Last updated 11/26/2006

Overview

Weird Worlds has a robust particle effects system that is used for all the flashy special effects in the game, from weapon muzzle flashes to ship explosions to supernovas. This tutorial will provide a couple of examples of these effects and explain how they work.

There are two main places where you'll find particle effects: the effects.ini in the main gamedata folder, and the .ini files of items that require special effects (weapons and shields).

New: Mods can now include new global special effects in files besides effects.ini, for example effects_ravian.ini. These need to be declared in game.ini.

Global effects

Global particle effects are defined in effects.ini and additional effects files placed in the gamedata folder and declared in game.ini. The ones in effects.ini are universal stuff... Exploding starships, supernovas and so on. If you want to change these, copy the file into your mod's gamedata folder, open it up in your favorite text editor and have a look.

In the file, you'll see a number of "EMIT" entries. These are particle emitters. Each one describes what kind of particles to shoot, which way and how fast. You will notice that occasionally there's more than one with the same name (up to 4). All of those emitters are used at the same time, as is the case with the supernova explosion. There are certain rules for each global effect which we'll cover after looking at this example; behold, the flames that shoot out of a burning ship!

EMIT flamejet
This line gives the particle emitter a name. Any emitter with the name "flamejet" will be used when a ship is on fire. These particles will come out of the visible hardpoints on the ship's hull. See the Starship tutorial on more information about those.

REFR entity
This is the reference location for the particle emitter. When it comes to global effects this has generally no meaning, it's just there to make the emitter entry complete. Maybe I'll do a weapon effect example later, where the reference actually matters (you'll specify whether it's at the muzzle of the gun, or when the weapon impacts something etc).

FILE combat/particle.tga
ANIM 32 32 0

This is the particle's graphic and its animation settings. The numbers are the start and end frames of the animation, and the framerate in frames per second (in this case it's only using one frame so the rate can be set to zero). You'll notice in some cases the framerate is set to -1; this causes the animation to last exactly as long as the lifetime of the particle (like an animated explosion for example). If it's set to -2, a random frame between the start and end is picked but the particle doesn't animate. This is used for the random debris pieces.

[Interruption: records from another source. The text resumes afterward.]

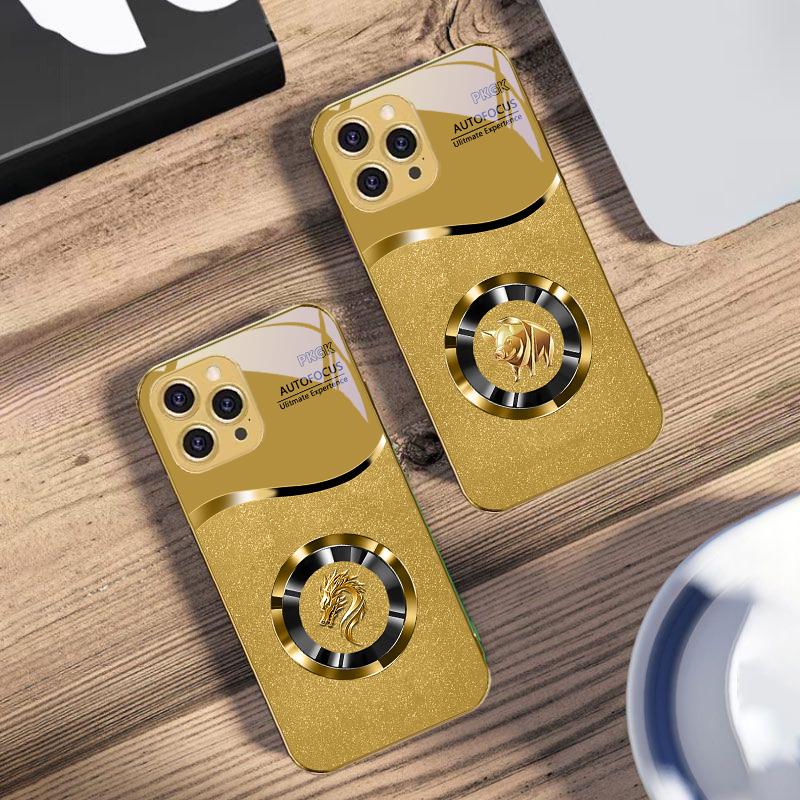 Золотой Круг Голова Дракона Для IPhone 16 Pro Max 15 P Ro 14 M Ax 13 Plus 12 Mini 11 XS Max XR Золотой Закаленное Стекло Чехол для Телефона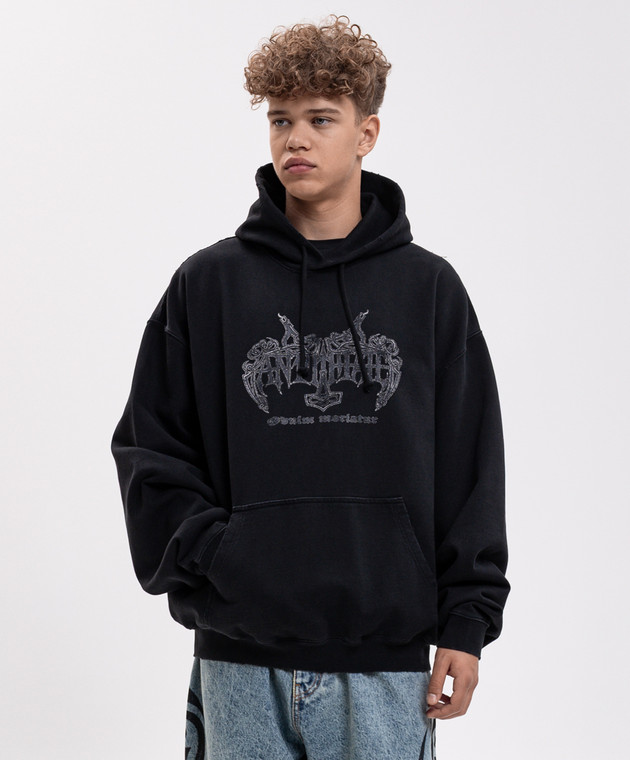 Vetements Черные худи с принтом MH27HD201B изображение 3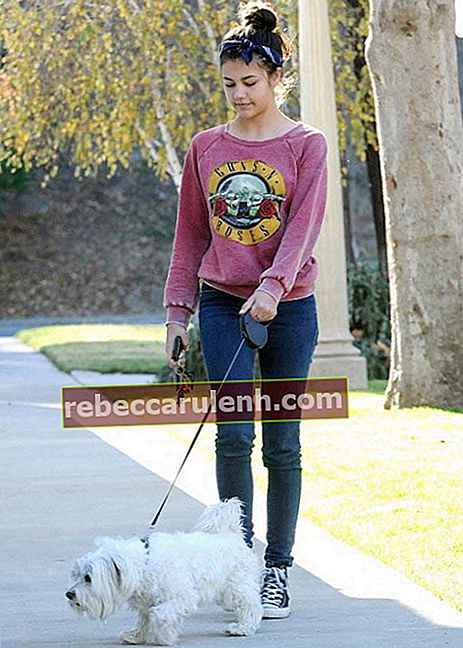Эмбер Монтана выгуливает собаку Элвиса в декабре 2015 года.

When you make new particle sprites, you should put as many of them as possible on one new "sheet" and use the frame numbers to pick which sprite you're using. You should not add them onto the original particle.tga.

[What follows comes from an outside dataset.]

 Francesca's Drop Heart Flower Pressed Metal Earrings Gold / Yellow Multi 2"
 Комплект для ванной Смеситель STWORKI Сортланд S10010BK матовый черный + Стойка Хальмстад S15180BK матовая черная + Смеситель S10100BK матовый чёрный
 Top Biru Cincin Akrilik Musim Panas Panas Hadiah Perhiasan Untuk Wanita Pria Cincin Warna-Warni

Note that particles use "pre-multiplied alpha" for blending. This means glowing particles are simply drawn on black with a totally transparent alpha channel; while opaque or alpha-blended particles will use the alpha channel as opacity. See the Starship tutorial for an example of constructing a 32-bit .tga image in Photoshop.

FLAG zoomin zoomout
The flags change the behavior of the particle in various ways:
relative - if emitted from a combat entity, use relative speed
fadein - particle starts transparent/dark and becomes opaque/bright over time
fadeout - particle fades out to transparent/dark at the end of its life
zoomin - particle starts small and grows to its full size over time
zoomout - particle shrinks down and disappears at the end of its life
slowdown - particle slows down over time, as if by friction
worldtime - use starmap time instead of real time (such as nova shockwave)
rotoffs - causes the OFFS to be rotated by the angle of the particle
trail - turns the particles into a continuous trail

RATE 4
How often a particle is emitted. Specifically how much time there is between particles (in 1/100's of a second). This one shoots one out once every 0.04 seconds.

SIZE 12
Size of the particle sprite (in meters). This is the maximum size it will reach during its life. In this case with the zoomin/zoomout flags, the particle will start with zero size, grow to 12 meters, and then shrink down again.

LIFE 60
Lifetime of the particle (how long it stays visible) in 1/100's of a second (ie. this one lives 0.6 seconds).

OFFS 0 0 0
Location and angular offset (X Y Angle). If these are set to non-zero, the particle will appear "X" meters to the side or "Y" meters forward/back of the reference location, or rotated by "Angle" degrees.
New: Normally the location offset is based on the entity's reference frame, e.g. OFFS 0 -8 0 is always 8 meters back from the center of the entity. If you use the "rotoffs" flag, the location is rotated depending on the angle such that this would mean 8 meters in the direction opposite to the particle's initial direction. For example, this can be used to make (randomly angled) particles appear along a circle around the entity like the "charge-up" effect seen in the superpirate sample mod in v1.2.

SPED 0 40
The X and Y velocity of the particle. X is sideways, Y is forward. A third number can be added to impart an angular velocity (spin).

RAND 0 0 30 0 20
Randomness added to the particle. The first three are randomness of the offset (in this case the particle may be randomly rotated 30 degrees left or right but is never moved right/left or forward/back), then the randomness of speed (this will add or subtract up to 20m/s from the forward speed). A sixth number can be added for randomizing angular velocity.

NUMB 1
How many particles to spew out at once. A "stream" of particles like the fire usually only create one particle at once. Explosions and such may create clouds of particles where the number is higher.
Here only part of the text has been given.